Otis Crandall Davis (born July 12, 1932) is a former American athlete, winner of two gold medals for record-breaking performances in both the 400 m and 4 × 400 m relay at the 1960 Summer Olympics. Davis set a new world record of 44.9 seconds in the 400 m event, and he became the first man to break the 45-second barrier.

Early life
Otis Crandall Davis was born in Tuscaloosa, Alabama on July 12, 1932. He is black and Native American. He served four years in the United States Air Force, during the Korean War.

Career

College athletics
Following the Air Force, Davis attended the University of Oregon on a basketball scholarship, hoping to one day becoming a professional. One day in 1958 while observing athletes running on the track with a friend, Davis, who had never run before, nor attended schools in his youth with sports programs other than basketball and football, decided that he could beat the athletes he saw on the track. He approached track coach Bill Bowerman, who would later become the founding father of the Nike, Inc., and asked to join the track team. Bowerman, who needed high jumpers, had Davis try his hand at that event. Among Davis' first attempts at the high jump, he jumped 6–0. Recalls Davis, "I had no form. I had no style. I just jumped." He also hit 23–0 in the long jump with little effort, though Davis was flustered by the sprinting events, relating "I didn't even know how to get in the starting blocks". In his first competitive event, Bowerman entered Davis in the 220-yard dash and the 440-yard dash in the Pacific Coast Conference championships, both of which Davis won, missing the school record by two tenths of a second in the latter event.

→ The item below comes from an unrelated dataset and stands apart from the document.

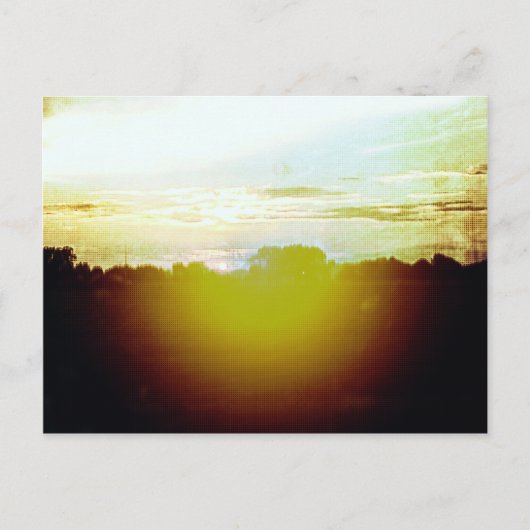 燃え盛る夕日 ポストカード (正面)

According to Davis, Bowerman made the first pair of Nike shoes for him, contradicting the claim that they were made for Phil Knight. Says Davis, "I told Tom Brokaw that I was the first. I don't care what all the billionaires say. Bill Bowerman made the first pair of shoes for me. People don't believe me. In fact, I didn't like the way they felt on my feet. There was no support and they were too tight. But I saw Bowerman make them from the waffle iron, and they were mine."

In 1960, Davis was competing on a national level for the Oregon Ducks, and was poised to becoming a national AAU champion in the 440-yard run.

Olympic career

The same year, at the age of 28, Davis made the U.S. Olympic team. He ran his fastest time to date one week before participating in the 1960 Summer Olympics in Rome as one of the oldest members of the track team, where he was nicknamed "Pops" by his teammates. According to Davis, "I was still learning how to turn with the staggered starts and all. I was still learning the strategy involved. I was still learning how to run in the lanes."

Davis competed against the heavily favored German athlete Carl Kaufmann, who was the world record holder in the 400-meter dash. Davis won by a hair over Kaufmann, setting a world record of 44.9 seconds and becoming the first man to break the heralded 45-second barrier. The photo of the finish, with (in full horizontal dive position) Kaufmann's nose ahead of Davis, but his torso behind, has been studied and discussed by track and field officials for years. Both athletes were awarded the world record time, recorded in the 10ths of a second in those days, but Davis was awarded the win. Two days later, Davis and Kaufmann met again for the 4 × 400 m relay final. He held off the challenge, anchoring home the gold with another world record performance of 3:02.2. The photo of the finish of that race was also made famous in Life magazine.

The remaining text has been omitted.